Aniplex of America licensed the series and streamed it on Crunchyroll; an English dub premiered on August 3, 2024. Aniplex of America released the episodes on Blu-ray on August 26, 2025. Muse Communication licensed the series in Southeast Asia.

====Series overview====

| Season | Episodes |  | Originally released |  |
| First released | Last released |
| 1 | 12 |  | July 6, 2024 | September 28, 2024 |
| 2 | 12 |  | July 17, 2026 | October 2, 2026 |

====Episodes====
=====Season 1 (2024)=====

| No. overall | No. in season | Title | Directed by | Written by | Storyboarded by | Original release date |
| 1 | 1 | "May 22nd" Transliteration: "Gogatsu Nijū-ni Nichi" (Japanese: 5月22日) | Yuta Yamazaki | Yoriko Tomita | Yuta Yamazaki | July 6, 2024 |
In 1333, Hōjō Tokiyuki is the reluctant heir to the regency who partakes in mischief around Kamakura. He meets with Hōjō clan ally Ashikaga Takauji, who departs to quell a rebellion led by the Emperor's supporters. Tokiyuki is later startled at the presence of Suwa Yorishige and Shizuku, who have come to pray for Kamakura's protection against its enemies. Yorishige shares a vision of Tokiyuki being hailed as a hero of a great war, though Tokiyuki doubts his claims. An envoy reports to the shogunate of Takauji defecting to the Emperor's side. Takauji launches a coup and incites mass genocide, causing the fall of the shogunate and traumatizing Tokiyuki. Yorishige and Shizuku urge him to escape under the orders of his deceased father. As they overlook the city's remains from a cliff and Tokiyuki wishes on wanting to die, Yorishige obliges by pushing him off the cliff. Tokiyuki demonstrates his skills in speed and evasion, using them to his advantage in causing several samurai to unintentionally kill one another before returning to Yorishige. Yorishige speaks on how he can use his elusive nature for survival with Takauji hunting him and they leave to gather more allies.

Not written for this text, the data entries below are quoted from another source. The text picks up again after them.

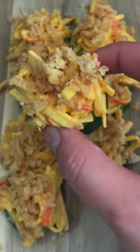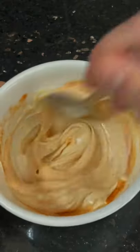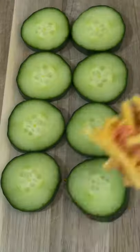These are so addicting and so easy to make. Add one spoonful of spicy mayo to some shredded crab meat. For the spicy mayo, it's pretty much just mayonnaise mixed with some sriracha. Add as much or as little sriracha as you'd like depending on how spicy you like it.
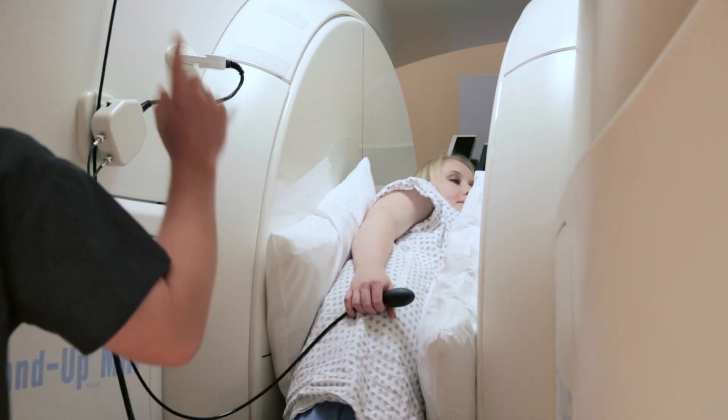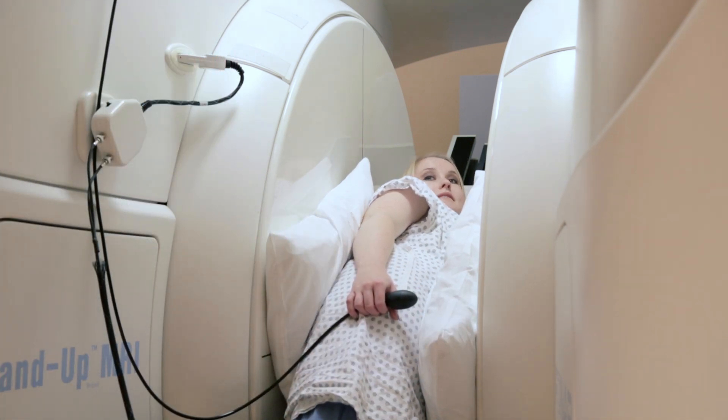Does that feel comfortable? Good. And are you still able to look out and see the TV? Yes. Excellent.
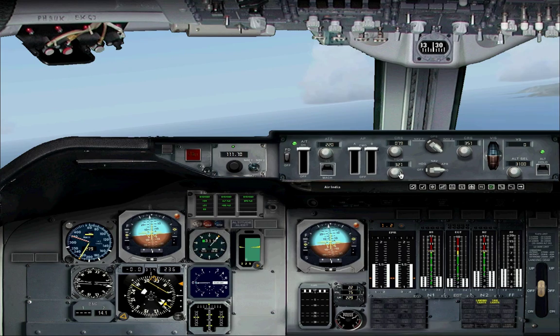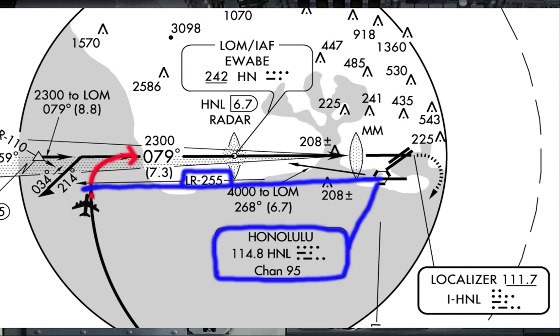I've tuned in the HNL frequency on the Radnav page of the FMC again, because it will tell us when to turn towards the runway. When we intercept the 255 degree outbound radial of HNL, we can start turning right heading 79 degrees to intercept the localizer.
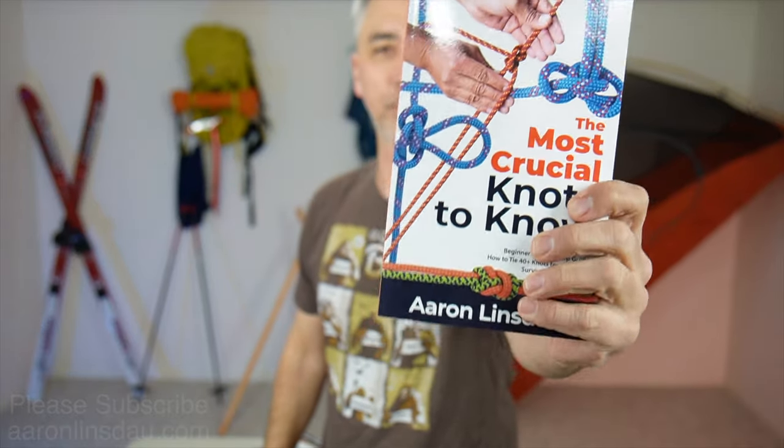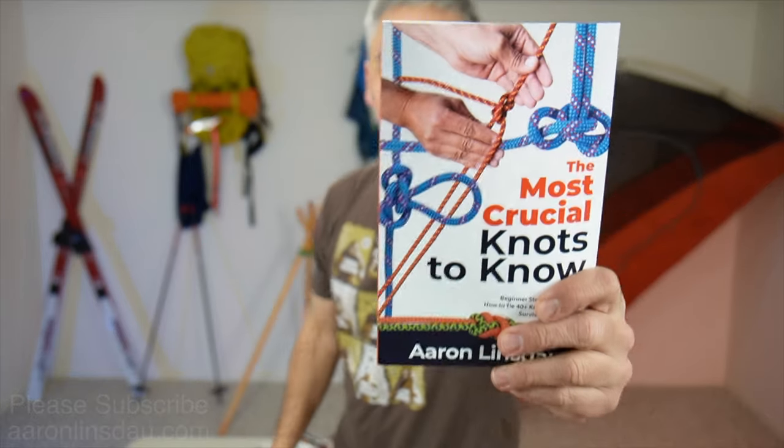This knot and others like it are featured in my book, The Most Crucial Knots to Know. Please check out the link below in the description where you can get this book and learn about knots and be confident in their use. My name is Aaron Linsdow — I'm a polar explorer and professional adventurer, as well as the author of The Most Crucial Knots to Know. Thank you very much for watching. Please like, comment, and subscribe to the channel so you can get more info like this.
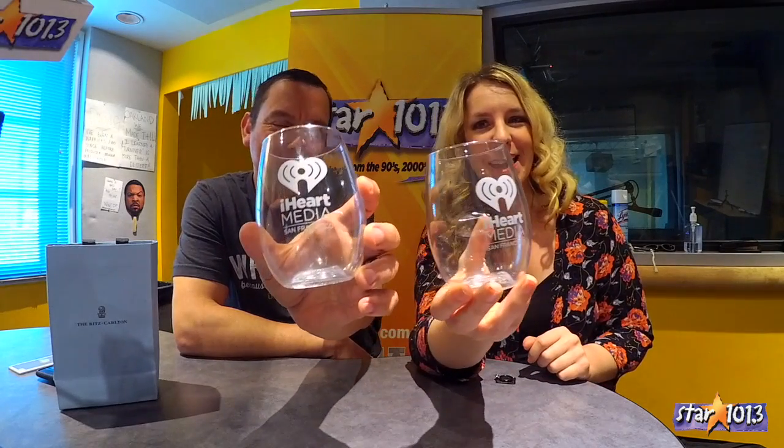Marcus is the wine connoisseur on our show. I actually think I'll probably like it. He peeped our cups from our company, by the way — iHeart Media cups. You know what we do here on The Daily. Let's get this party started. So here's what we have from the Union Wine Company out of Modesto.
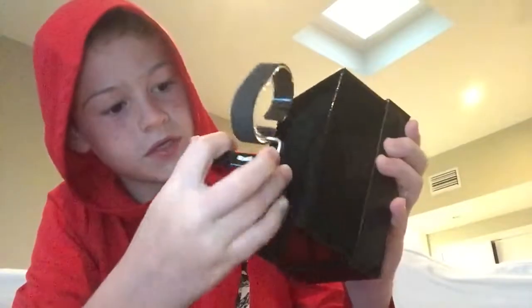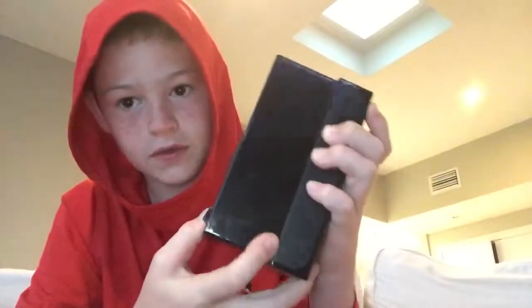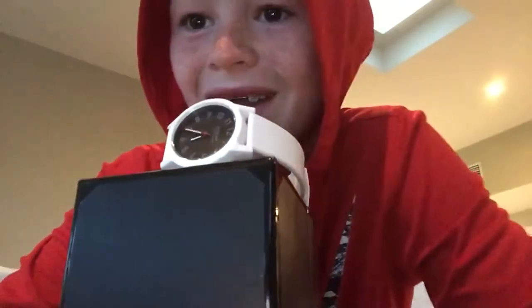Anyways, the little holder thing goes in like this. It just slips right into the box. That'll be it for the video. I'll see you guys later. Bye.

| 2 | 2 | "The Gentle Uncle" Transliteration: "Yasashī Ojisan" (Japanese: やさしいおじさん) | Yūsuke Kawakami | Yoriko Tomita | Yūsuke Kawakami | July 13, 2024 |
A search party loyal to Takauji is dispatched to locate Tokiyuki's half-brother Kunitoki [ja] as he is found by their uncle Godaīn Muneshige, who points the party to his direction. Tokiyuki later learns of Muneshige's treachery and Kunitoki's capture and execution. He collapses in tears, feeling betrayed by everyone he knew. Wanting to avenge his half-brother, Tokiyuki follows Yorishige as they observe a desperate Muneshige wanting to claim glory by capturing him. Tokiyuki meets Yorishige's allies Kojirō and Ayako, who lend their assistance to his cause. Later that evening, Tokiyuki and Muneshige meet, where Tokiyuki springs a trap that is countered by Muneshige. Tokiyuki evades Muneshige's attacks, which Kojirō and Ayako exploit to give Tokiyuki an opening. Tokiyuki finally kills Muneshige as he recalls Kunitoki telling him to become a hero.

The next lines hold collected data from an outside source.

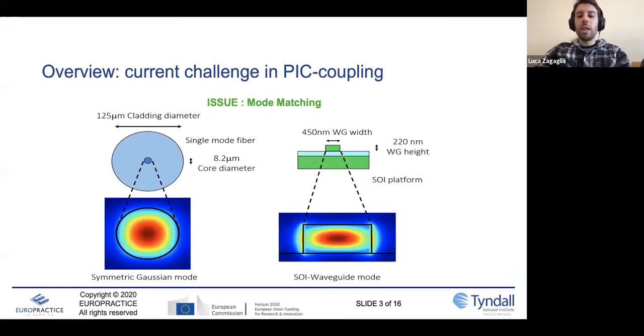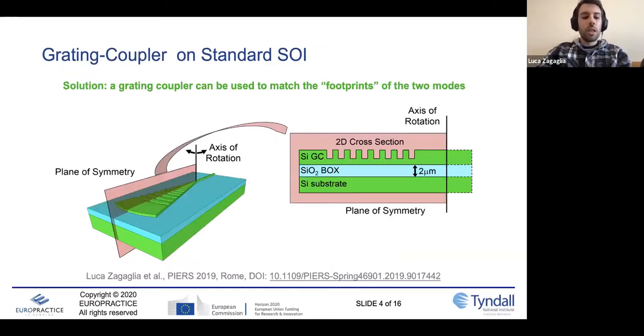The fundamental problem in coupling light inside a PIC is the mode mismatch between the source used to couple the light and the modes sustained by the waveguides inside a PIC. To overcome this issue, we can use a structure that is able to couple light quite efficiently and adapt these two modes — one example is grating couplers. A grating coupler is a three-dimensional structure that has a plane of symmetry. Looking at the 2D cross-section, we can see the different layers of the SOI: the silicon substrate, the bottom oxide layer, and the silicon grating coupler layer, as well as the grating coupler structure itself with its parameters — the etching depth and the pitch — which define the quality of the diffraction process that couples the light inside the waveguide.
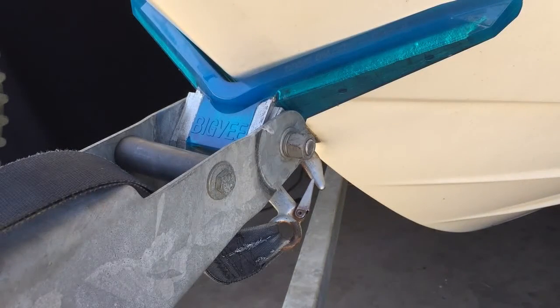And that is how you fit a Big V. Check out bigv.com.au.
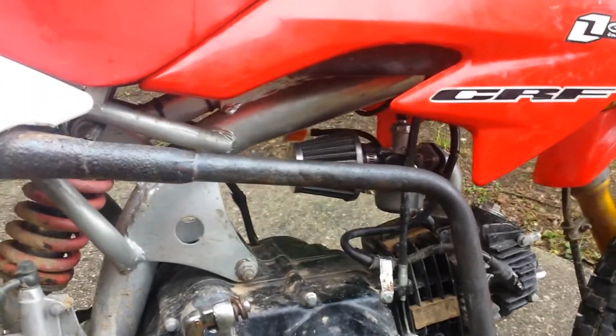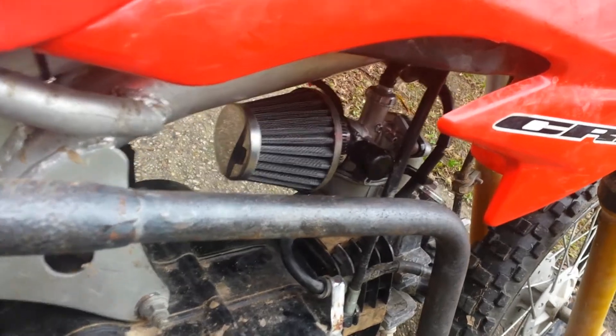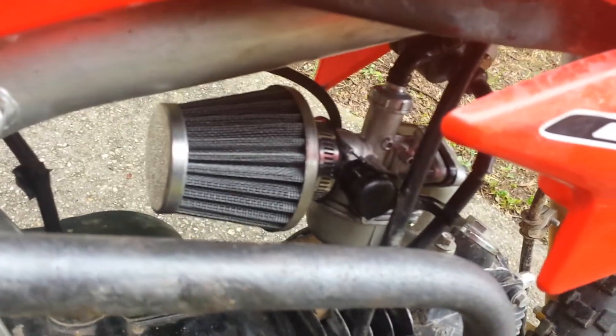Listen to this baby purr now Jackson. Brand new PZ-19 carburetor with fully functional choke and the proper breather.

| 3 | 3 | "A Forest Inhabited by a God" Transliteration: "Kami no Sumu Mori" (Japanese: 神の住む森) | Riharu Funakubo | Yoriko Tomita | Riharu Funakubo | July 20, 2024 |
Yorishige briefs Tokiyuki after the fight on being righteous while not forgetting his roots if he comes to face Takauji in battle and defeat him as they leave Kamakura and arrive at the Grand Shrine in Suwa. Yorishige trains Tokiyuki in martial arts and academic studies, compelling an impatient Tokiyuki to skip training. Yorishige reveals himself to be a god during a rainy day and showcases his powers, leading a surprised Tokiyuki to trust Yorishige in training to become a hero. Yorishige elects Kojirō, Ayako, and Shizuku to be Tokiyuki's retinue and tasks him to become familiarized with them. Despite their eccentricity, Tokiyuki's group settles for hunting. While hunting rabbits, they encounter an ox demon and they engage it in battle, managing to kill it through teamwork. Tokiyuki is grateful for their assistance as the group settles on naming themselves the Elusive Warriors. Elsewhere, a group of archers are seen finding Yorishige.

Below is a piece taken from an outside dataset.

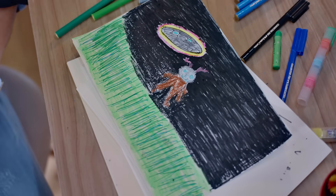Tell us about your alien. I tried to make it a little scary or whatever, but it turned out to be a colorful, cute alien.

| 4 | 4 | "Sadamune Appears!" Transliteration: "Sadamune Tōjō!" (Japanese: 貞宗登場!) | Yūichirō Komuro | Dai Hazeyama | Yūichirō Komuro | July 27, 2024 |
Takauji is commended for overthrowing the shogunate and restoring the Emperor's authority, allowing him to appoint his retainers in court positions. He tasks one of his retainers, Ogasawara Sadamune, to find remnants of the Hōjō clan. Sadamune complies and later meets with Yorishige, threatening to use brute force as governor of Shinano to find any survivors. He shoots and grazes a shrine maiden's ear as a warning; Tokiyuki quietly commends his archery skills while acknowledging him as a threat. Sadamune joins a dog shooting competition, leading Yorishige to elect Tokiyuki as his opponent while teaching him to use it as an opportunity to learn from Sadamune, much to the disapproval of the Elusive Warriors. During the competition, Tokiyuki, using a false name and following Yorishige's instructions, directs Sadamune's full attention to him and annoys him enough for Tokiyuki to score a point. Sadamune, noticing he used up most of his arrows to try and hit Tokiyuki, uses his last remaining arrow to land a headshot on him, giving Sadamune a massive point advantage. Tokiyuki, wounded from the arrow, begins to have fun.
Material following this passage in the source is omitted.